# array of series

• 06-21-2004
ronenk
array of series
I need to take as input positive integers 1-100. Each of those numbers will be the first element in series. The series will be formed by a specified formula, in case of pair integer- set 1 & case of uneven integer- set 2. Then of course print it.

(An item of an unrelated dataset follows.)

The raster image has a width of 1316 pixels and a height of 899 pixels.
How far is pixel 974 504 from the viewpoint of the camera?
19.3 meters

I'm not quit sure about the syntax of this code & also compiler through me with many errors & warnings. Cannot seem to find why!

Code:

:

#include<stdio.h>
#define N 5
#define M 5
void seri(int A[][M],int *,int *);
int main ( void )
{
int A[N][M],*p,*n=0;
p=A;
printf ("\nenter numbers from 1 to 100\n");
scanf ("%d", p);
if(*p<1||*p>100)
{
puts(" Number is too big/ too small. Try again!");
}
else
{
while (*p!=-1)
{
for (p=A;p-A<M;p++)
{
puts ("next number:");
scanf ("%d", p++);
seri(A,n,p);
}
}

void seri(int A[N][M],int *n,int *p)
{
int t;
for (p=A;p-A>=1;p++)
{
if (*p%2==0)
*p= *p/2;
else
{
*p=3*(*p)+1;
}
n=p-A;
}

printf("n= %d. seri is :", n);

for (t=0;t<=n;t++)

printf("  %d\n", *p);

}

}

TIA

Ronen
• 06-21-2004
quzah
Why is it that whenever anyone says they get compiler errors and warnings, they never think to post them?

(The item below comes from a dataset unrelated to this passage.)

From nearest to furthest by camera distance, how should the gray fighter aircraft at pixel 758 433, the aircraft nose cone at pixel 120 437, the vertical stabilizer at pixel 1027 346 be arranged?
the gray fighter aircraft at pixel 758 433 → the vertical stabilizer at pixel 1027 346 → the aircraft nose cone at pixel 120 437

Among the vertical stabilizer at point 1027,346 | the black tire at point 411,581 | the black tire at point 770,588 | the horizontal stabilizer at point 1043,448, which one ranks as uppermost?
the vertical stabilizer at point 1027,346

Well for starters, use [code] [/code] tags around any posted code. Had you actually taken the time to read the Announcements, you'd have known this already.

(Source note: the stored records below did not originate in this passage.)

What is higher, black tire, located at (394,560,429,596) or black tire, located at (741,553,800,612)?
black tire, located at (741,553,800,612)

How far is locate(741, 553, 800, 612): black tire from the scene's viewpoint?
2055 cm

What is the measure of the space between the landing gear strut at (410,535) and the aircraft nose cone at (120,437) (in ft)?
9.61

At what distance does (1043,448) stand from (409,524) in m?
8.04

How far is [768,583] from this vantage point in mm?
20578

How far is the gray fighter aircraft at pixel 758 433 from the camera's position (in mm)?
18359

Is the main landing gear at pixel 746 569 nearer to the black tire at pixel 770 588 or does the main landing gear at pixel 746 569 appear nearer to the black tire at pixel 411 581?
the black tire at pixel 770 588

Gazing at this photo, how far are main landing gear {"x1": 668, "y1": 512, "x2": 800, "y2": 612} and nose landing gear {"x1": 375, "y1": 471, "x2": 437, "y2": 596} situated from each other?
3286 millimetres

Next off, you have an unmatched number of { } pairs. Fix your indenting, and you'd have seen that.

Quzah.
• 06-21-2004
xErath
Geee!!! Do you know what a pointer is?!?! Or an array?
First error:
Code:

int A[N][M],*p,*n=0;
p=A;

The problem is you're assigning a double pointer (the two-dimension array A) to a single pointer (the var *p)
Do like this
Code:

int A[N][M],*p,*n=0;
int x=0, y=0;
p=&(A[x][y]);
//where x and y are the indexes of the number you want to edit

This goes on for the entire source.

Plus.. this is awfull: for (p=A;p-A<M;p++)
More, you don't use *n for nothing... But I'll keep it
In this assignment int *n=0, you saying that you have a pointer that point to memory adress 0, or in other word NULL. If you want to point something you must first allocate some memory to that pointer:
Code:

n=malloc(sizeof(int))
A detail: if you write int *n=0, your defining the variable value.
If you then write *n=0, after n being defined, then you're altering the pointed int.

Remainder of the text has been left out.